Problem: Within the entries below, please retype exactly the lines starting with the line that has "Calvin Klein Dusty" and going on through the line that has "REST COLLECTION One", but not the pictures.

Available records:
================
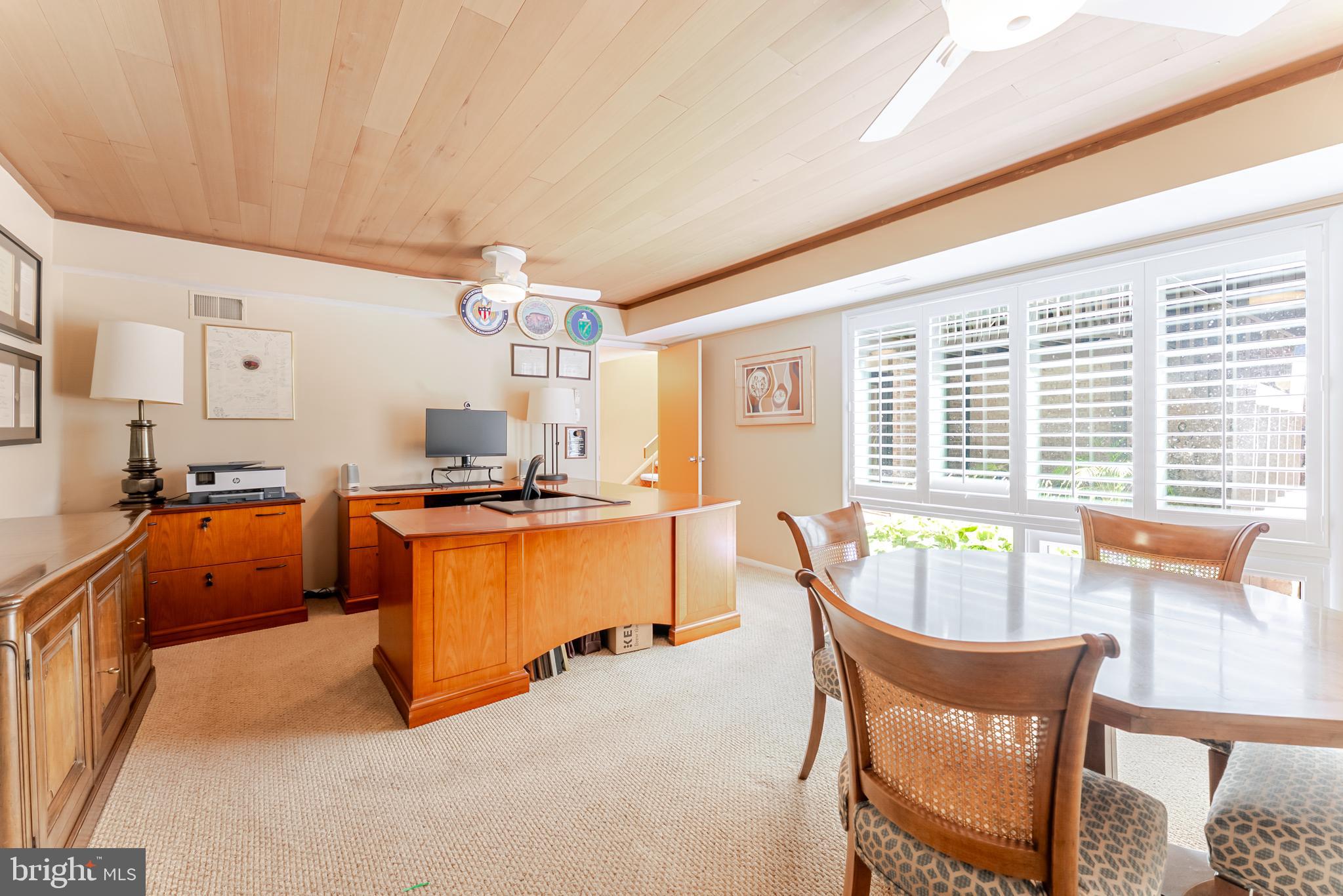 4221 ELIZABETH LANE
================
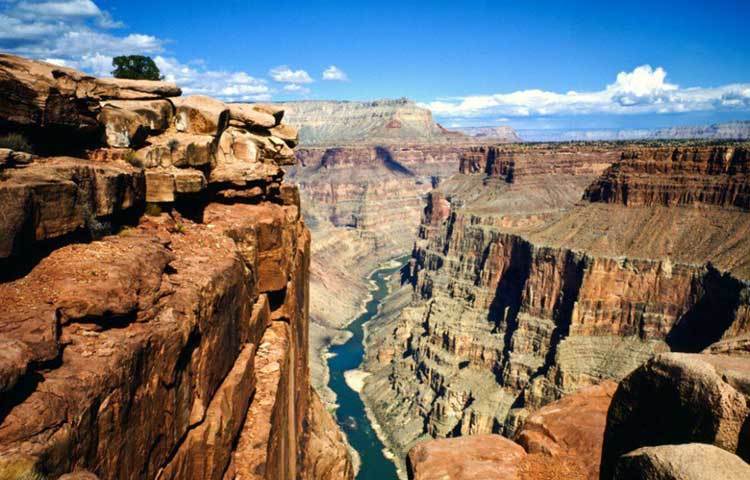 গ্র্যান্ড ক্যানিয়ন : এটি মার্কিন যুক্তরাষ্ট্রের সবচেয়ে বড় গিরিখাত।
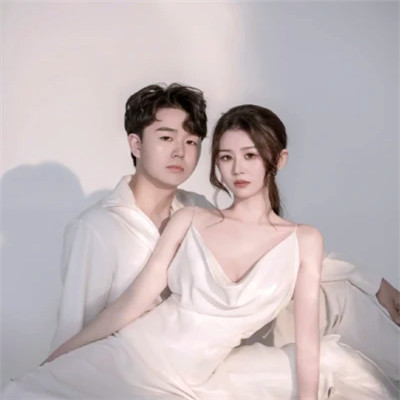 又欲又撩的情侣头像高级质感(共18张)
================
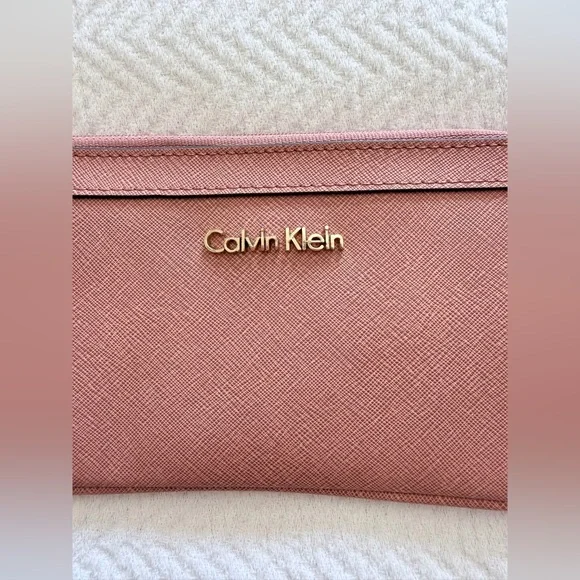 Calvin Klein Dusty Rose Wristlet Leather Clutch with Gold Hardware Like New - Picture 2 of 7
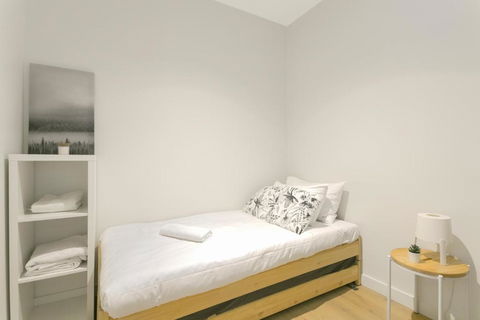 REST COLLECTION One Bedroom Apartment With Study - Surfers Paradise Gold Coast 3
================
Output:
 Calvin Klein Dusty Rose Wristlet Leather Clutch with Gold Hardware Like New - Picture 2 of 7
 REST COLLECTION One Bedroom Apartment With Study - Surfers Paradise Gold Coast 3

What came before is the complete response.